### DATASET EXCERPTS
BEGIN

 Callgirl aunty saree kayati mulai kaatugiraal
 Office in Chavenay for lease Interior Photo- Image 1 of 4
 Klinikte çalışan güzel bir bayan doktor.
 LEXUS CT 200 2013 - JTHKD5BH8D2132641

END
BEGIN

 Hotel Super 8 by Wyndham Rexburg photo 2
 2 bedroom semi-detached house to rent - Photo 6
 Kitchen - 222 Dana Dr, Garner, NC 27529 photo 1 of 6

END
BEGIN

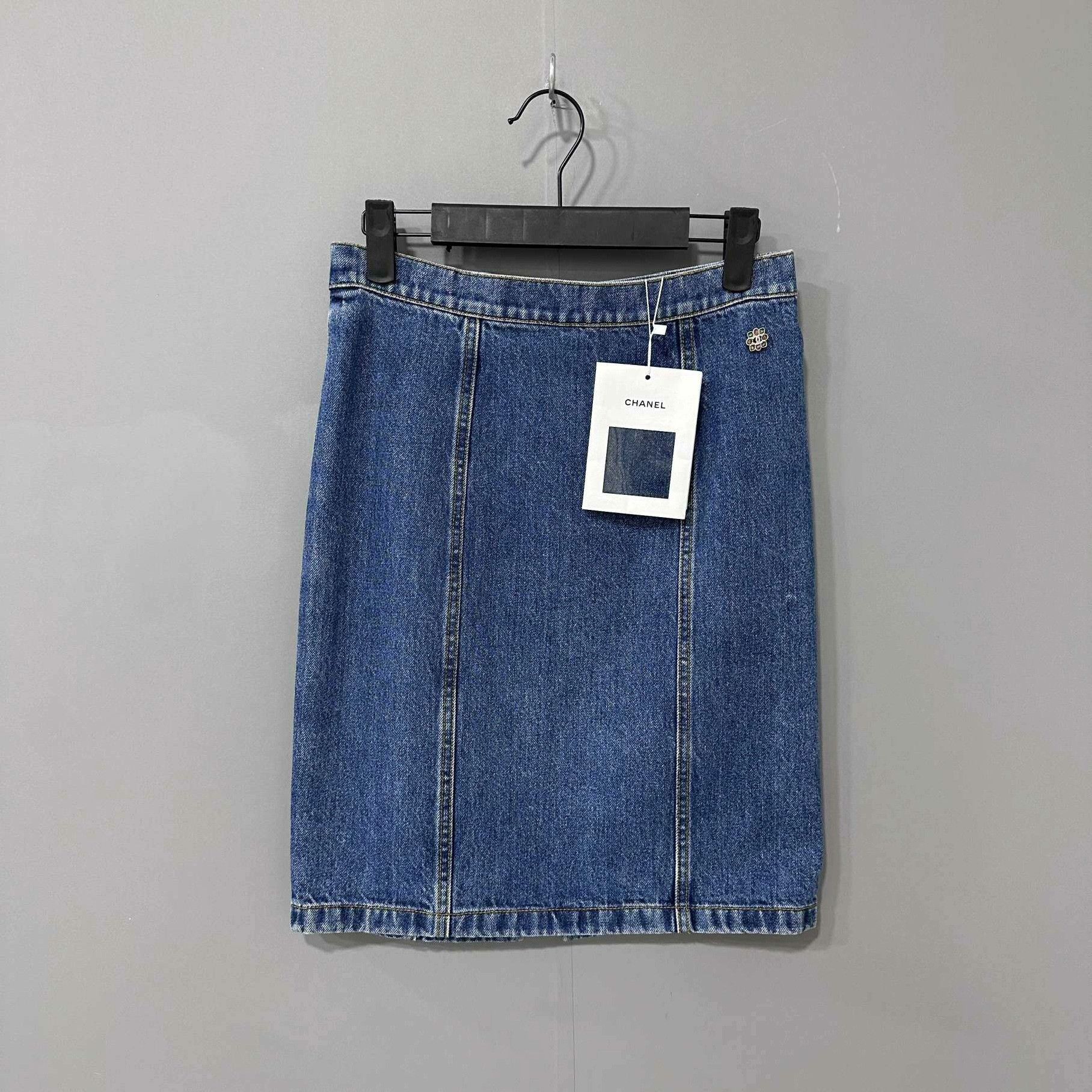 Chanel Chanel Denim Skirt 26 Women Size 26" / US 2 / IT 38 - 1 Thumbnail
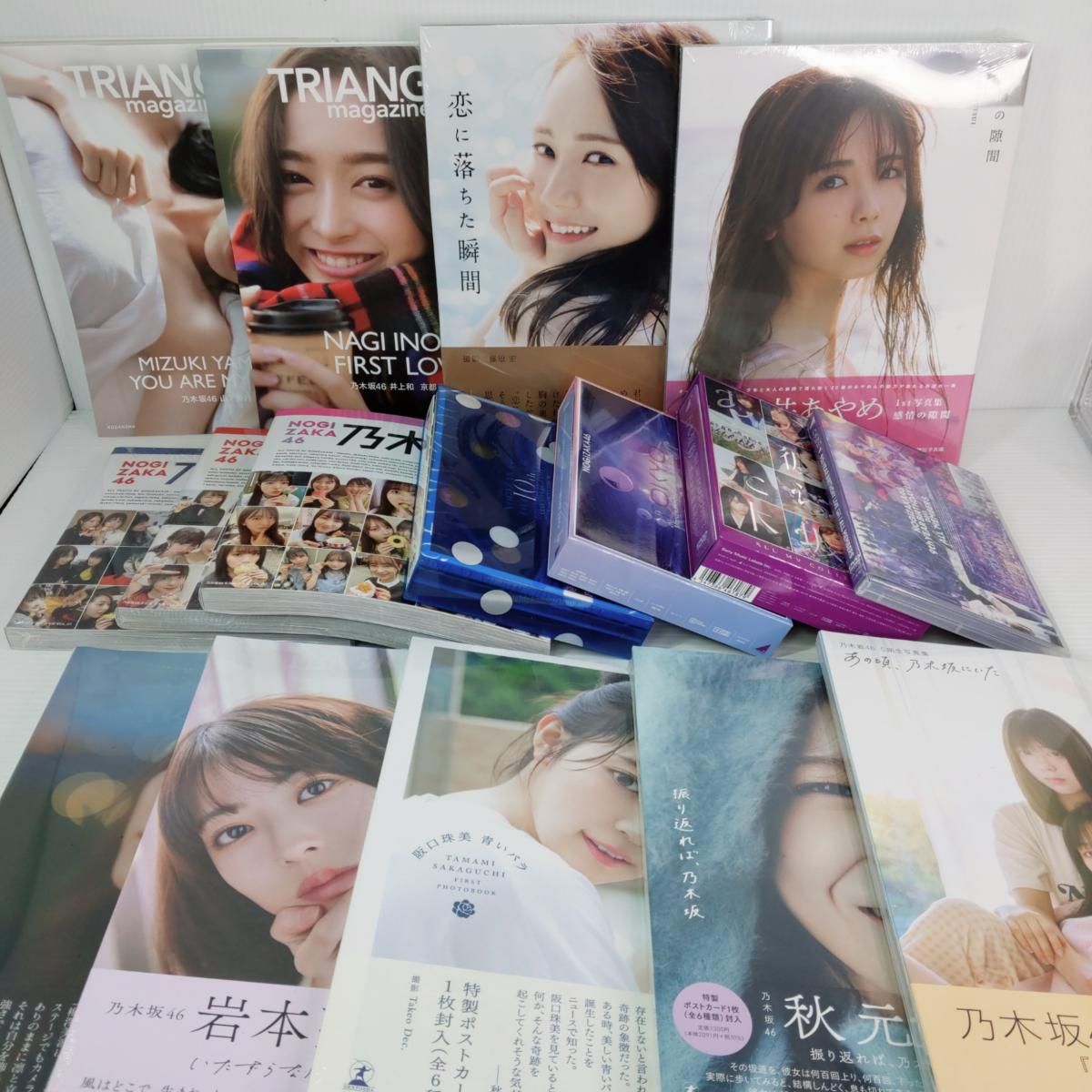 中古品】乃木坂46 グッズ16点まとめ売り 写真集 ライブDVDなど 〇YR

END

### TASK TO CARRY OUT
Using the entries above, repeat only the lines from the one containing "Callgirl aunty saree" through the one containing "LEXUS CT 200 2013 - JTHKD5BH8D2132641", end lines included.

### SOLUTION TO THIS PROBLEM
 Callgirl aunty saree kayati mulai kaatugiraal
 Office in Chavenay for lease Interior Photo- Image 1 of 4
 Klinikte çalışan güzel bir bayan doktor.
 LEXUS CT 200 2013 - JTHKD5BH8D2132641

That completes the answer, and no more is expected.